Short descriptive text snippets
━━━

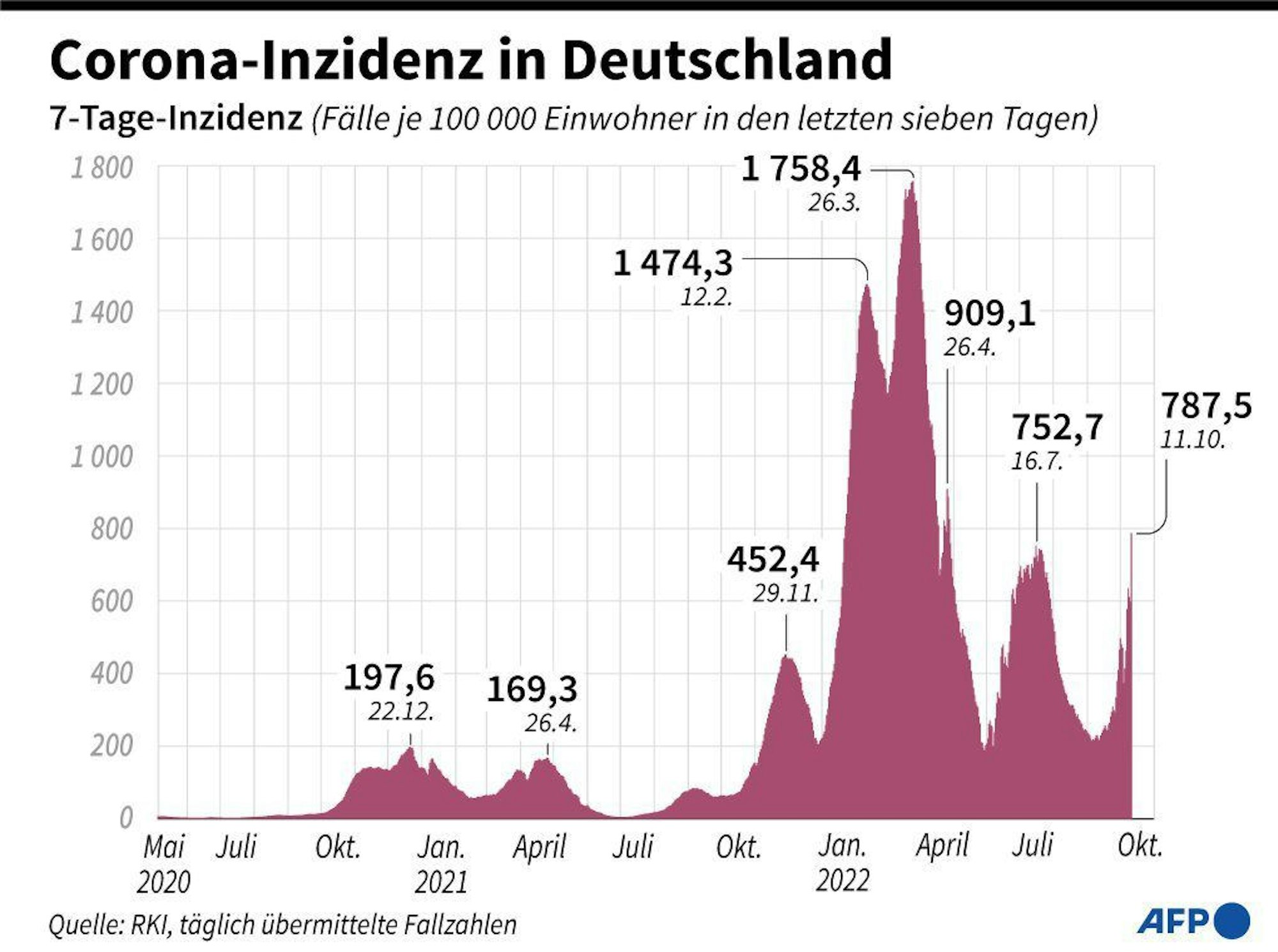 Coronavirus: Entwicklung 7-Tage-Inzidenz.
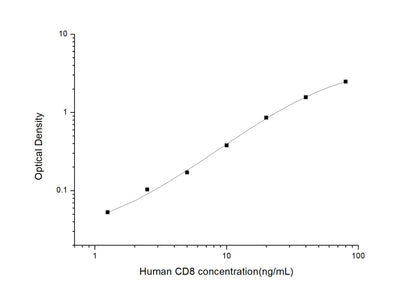 Human CD8 ELISA, 3.5 hour assay, sensitivity of 0.75 ng/mL, range of 1.25-80 ng/mL, 2 known citations.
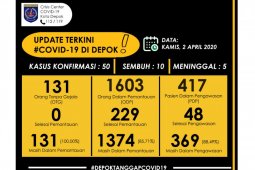 Depok pantau 131 orang tanpa gejala virus Corona
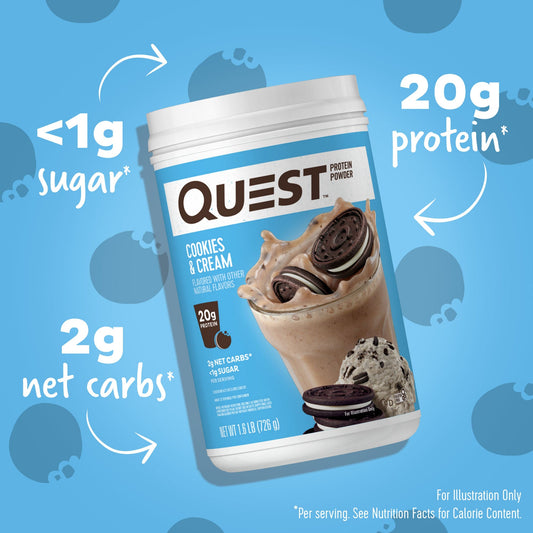 cookies-and-cream-protein-powder-y4 15807_QN_USA_ProteinBar_CAC_InterimAssetUpdate_Digital-Powders-ProductCarouselSet_Macros.jpg
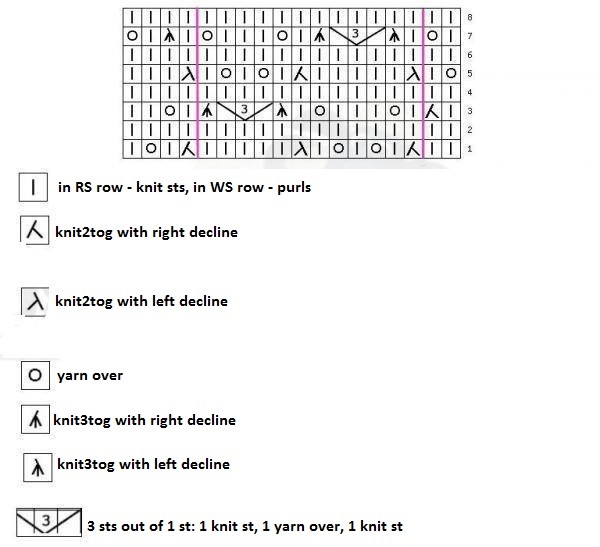 ​Relief Cells Knit Stitch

━━━

Please set down only the lines from the first line of the records above through the line that has "Depok pantau 131", exactly, and not the pictures.

 Coronavirus: Entwicklung 7-Tage-Inzidenz.
 Human CD8 ELISA, 3.5 hour assay, sensitivity of 0.75 ng/mL, range of 1.25-80 ng/mL, 2 known citations.
 Depok pantau 131 orang tanpa gejala virus Corona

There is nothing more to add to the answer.